Mishra apologized for his unruly behavior and said he could barely remember what he did since he had consumed excessive liquor aboard the flight. Another passenger on the flight, Sugata Bhattacharjee, confirmed that he saw Mishra downing several glasses of alcohol on the flight and that he became incoherent afterward, asking him about his family severally.
A New York court sentenced Mishra to 14 days in jail pending the outcome of police investigations, and he faces up to three years in prison if found guilty of actually urinating on the woman during the flight. Air India also imposed a 30-day flight ban on the unruly passenger, with assurances that the matter has been reported to the Directorate General of Civil Aviation (DGCA), India’s air safety watchdog, for action.
While there is public furor that the airline banned the erstwhile Wells Fargo staff for only 30 days, activists are also blaming Air India for failing to report the matter immediately to the authorities during the flight and after it landed in New Delhi.
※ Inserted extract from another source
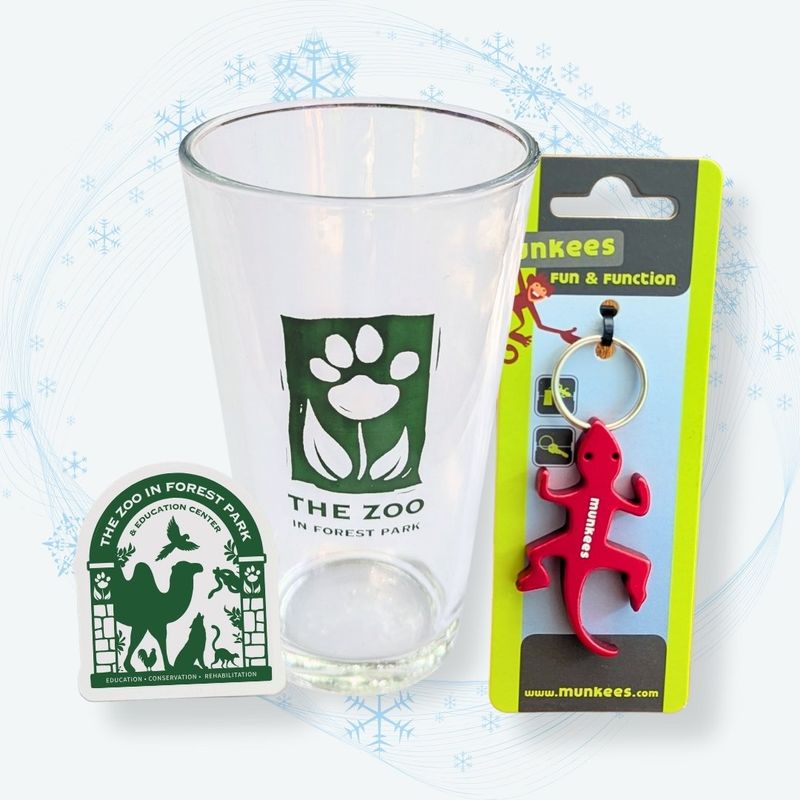 Holiday Glass & Bottle Opener Bundle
The airline said the incident was reported late because it thought the grievance had been resolved between Mishra and the woman before the plane landed.
Air India, which is owned and operated by Tata Sons, said the plane pilot and four crews have been removed from work on account of the incident. CEO and managing director Campbell Wilson confessed that the airline did not handle the matter professionally enough. “Air India acknowledges that it could have handled these matters better, both in the air and on the ground, and is committed to taking action,” he said.
Chairman of Tata Sons and Air India, N. Chandrasekaran, also agreed that the company did not handle the matter well enough.
“The incident on Air India flight AI102 on November 26th, 2022, has been a matter of personal anguish to me and my colleagues at Air India,” Chandrasekaran said. “Air India’s response should have been much swifter. We fell short of addressing this situation the way it should have been,” Chandrasekaran said in a statement. The Tata Group and Air India stand by the safety and well-being of our passengers and crew with full conviction. We will review and repair every process to prevent or address any incidents of such unruly nature.”
Wilson said the airline will review its policy of serving alcohol on flights and its protocols for reporting mid-flight incidents forthwith. “Internal investigations into whether there were lapses by other staff are ongoing on aspects, including the service of alcohol on the flight, incident handling, complaint registration on board, and grievance handling,” he stated.